I don’t want to have to plan my wedding around her schedule and make sure she gets to where she needs to be on time the day of my wedding. I have done my best on keeping my bridesmaids stress free. I went dress shopping with each of them separately to work with their schedules, allowed them as a group to pick where they wanted their dresses from (5 diff style options) and I just feel she shouldn’t be putting this stress on me. I want to say this to her but I don’t want to get her upset.
I honestly feel like she posted the whole thing online to gain sympathy from others so that I would feel pressured to allow her to have her way. Like to let me know others “have her back” I do emphasize that it’s tough having to say no to someone..but I mean it’s not that hard- a simple “ im honored that you asked me but I am committed to another wedding.” Would do just fine. As a bride, I would not expect someone to leave another’s wedding for mine or cut out early to make mine and I also would not expect a bride to work around my schedule if I were a bridesmaid in her wedding. I’m a bit frustrated and not sure If I should let her know all of this and if so, how to approach it without sounding like a complete witch/bridzilla! HELP!
Post # 3
that’s ridiculous. tell her things only work that way in movies.
Post # 4
If you ask her to pick one wedding or the other you may not like her answer.
Post # 5
Wow. That she didn’t even tell you is beyond rude.
I’m curious to know how she said she’d do two wedding in one day. Unless your venues are right next to each other and the timing is just right, I don’t see it happening. Sorry.
Post # 6
If one wedding is in the morning and one is in the evening it could maaaaybe work? My ceremony is at 7pm so its conceivable that someone could be in a wedding before mine.
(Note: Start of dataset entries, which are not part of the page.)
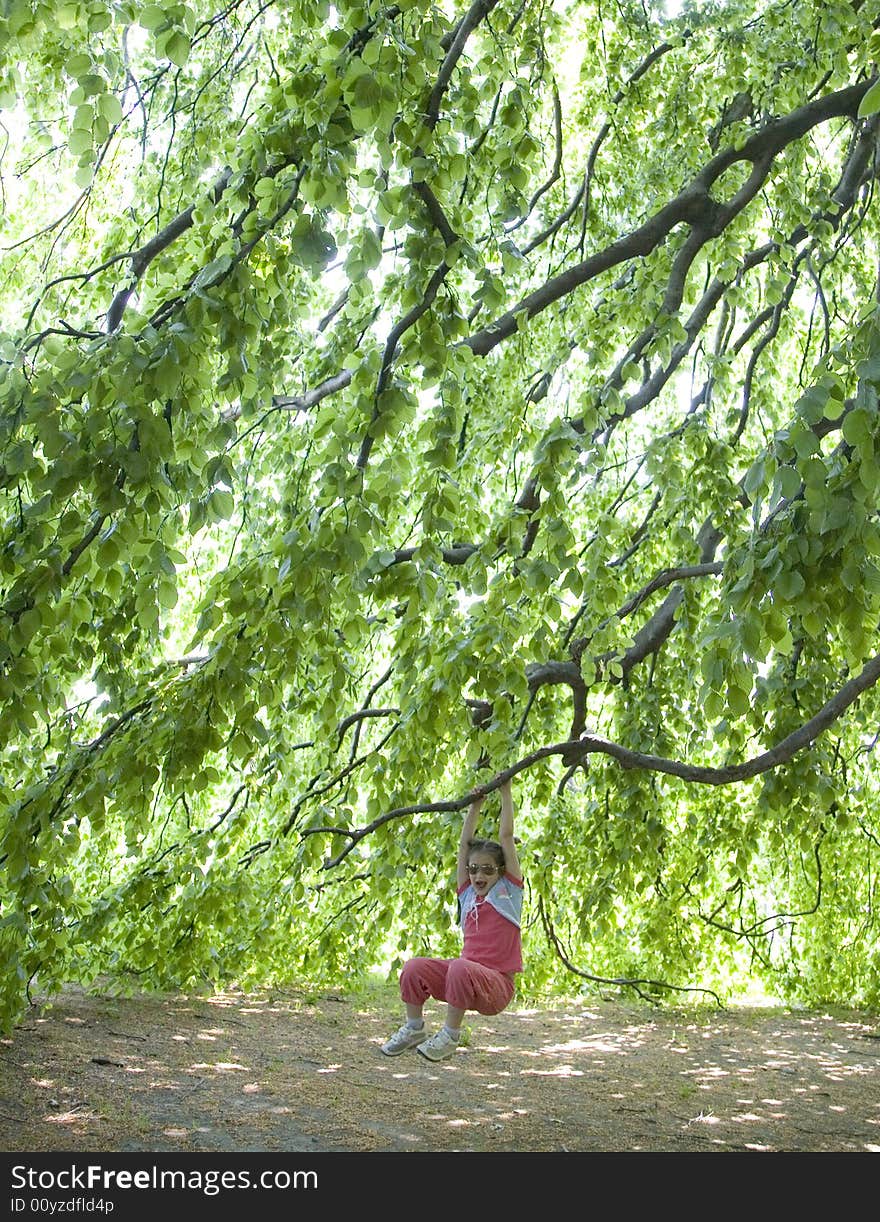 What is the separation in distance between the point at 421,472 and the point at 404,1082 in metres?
2.91

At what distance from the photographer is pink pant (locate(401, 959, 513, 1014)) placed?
4234 mm

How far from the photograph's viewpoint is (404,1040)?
430 centimetres

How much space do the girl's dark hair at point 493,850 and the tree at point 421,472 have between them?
0.77ft

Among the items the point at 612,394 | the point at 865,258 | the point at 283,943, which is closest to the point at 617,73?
the point at 865,258

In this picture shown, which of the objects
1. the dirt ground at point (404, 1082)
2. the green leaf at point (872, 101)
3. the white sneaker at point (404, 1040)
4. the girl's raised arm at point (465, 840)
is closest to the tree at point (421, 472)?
the green leaf at point (872, 101)

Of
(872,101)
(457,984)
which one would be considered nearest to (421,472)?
(457,984)

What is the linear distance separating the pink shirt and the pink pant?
79 mm

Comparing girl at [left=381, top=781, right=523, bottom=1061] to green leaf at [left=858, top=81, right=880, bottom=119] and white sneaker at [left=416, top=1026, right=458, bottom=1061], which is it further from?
green leaf at [left=858, top=81, right=880, bottom=119]

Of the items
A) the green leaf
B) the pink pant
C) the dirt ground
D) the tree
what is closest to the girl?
the pink pant

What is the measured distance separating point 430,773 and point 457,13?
134 inches

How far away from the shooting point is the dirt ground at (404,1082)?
4.62m

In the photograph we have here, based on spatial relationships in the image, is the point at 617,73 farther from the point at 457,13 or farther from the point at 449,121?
the point at 449,121

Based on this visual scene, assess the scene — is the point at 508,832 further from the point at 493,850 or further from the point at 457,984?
the point at 457,984

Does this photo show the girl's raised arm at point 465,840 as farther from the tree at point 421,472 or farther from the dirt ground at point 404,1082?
the dirt ground at point 404,1082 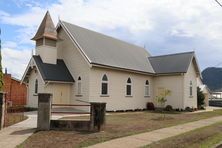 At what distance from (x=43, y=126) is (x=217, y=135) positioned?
323 inches

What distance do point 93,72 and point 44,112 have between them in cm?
1326

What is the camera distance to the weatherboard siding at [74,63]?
28.2m

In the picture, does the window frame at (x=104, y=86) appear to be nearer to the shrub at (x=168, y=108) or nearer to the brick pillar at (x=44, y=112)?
the shrub at (x=168, y=108)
Anyway, I’d say
“I expect you to be available to me from x:xx to x:xx and if you cannot do that then you need to choose which wedding you will be in”. I would not be cool with a bridesmaid missing pictures or half the reception.
Post # 7
I just pictured 27 Dresses…
Would it even work out logistically? I can’t imagine being in her position and agreeing to another after agreeing to yours. How awkward.
I guess, from your standpoint, all you can do is tell her where to be and when. If she complies, good. If not, oh well. It’s awfully awkward, but either she makes it work or she doesn’t.
Post # 8
That sucks. Just because it worked for Katherine Heigl in 27 Dresses does not mean it’s plausible or polite to do in real life.
If it were me, I’d tell her my wedding is not a revolving door and she can’t just come and go as she pleases. If she were a guest, different story, but she agreed to stand by you at your wedding, and for that one day, that’s not a part-time job.
Post # 9
We an issue with a party member in two weddings. My husband asked his friend N to be in our wedding, and he agreed. Months later, he told my husband that he had to be in his cousin’s wedding that was on the same day. N and his cousin are very close. The cousin had called off the wedding, which is why N agreed to be in ours, but then the wedding was back on. N felt very torn and said he would try to be in both. They were in different cities even! We ended up telling N that it was silly for him to try and be in both, and just to go to the other one. As much as we wanted him there, it would be too stressful for everyone involved for him to try and scuttle around (and likely wouldn’t work out in the end).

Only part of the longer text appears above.